Re: SSL/HTTPs best practice

03 Apr 2019, 11:01

EHRETic wrote:I've tried the .htaccess with the custom rules and it works fine but the force URL in settings seems also to be a convenient way to do so. ;-)

Which one would you recommend performance wise ? 
X3's "force URL" is convenient, and it gets the job done. However, it can only redirect requests that are passed through the X3 application (eg. X3 pages), which in turn will serve all assets/images on SSL also of course ... If someone, for some reason, makes a request to a static file http://website.com/file.jpg directly in their browser, it will not redirect to SSL, because X3 does not control that request.

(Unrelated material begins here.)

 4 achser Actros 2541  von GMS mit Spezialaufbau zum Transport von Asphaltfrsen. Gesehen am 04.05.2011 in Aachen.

Not critical, but just so you know that X3's "force url" setting only affects X3.

To force ALL requests on your website to redirect to SSL, you would need to use .htaccess method. It's a bit technical, and I don't think there is much difference in performance, but it's the most correct way if you want your entire website to always be served on SSL.
EHRETic wrote:Is the custom section saved when you do updates (I've seen there is several backed up versions of .htaccess on my root folder)
Yes, as long as you wrap it inside the #custom tags as in my example. The backups are there simply as precautions, in case the website owner has custom stuff added to their .htaccess files. You can go ahead and delete all the backup versions.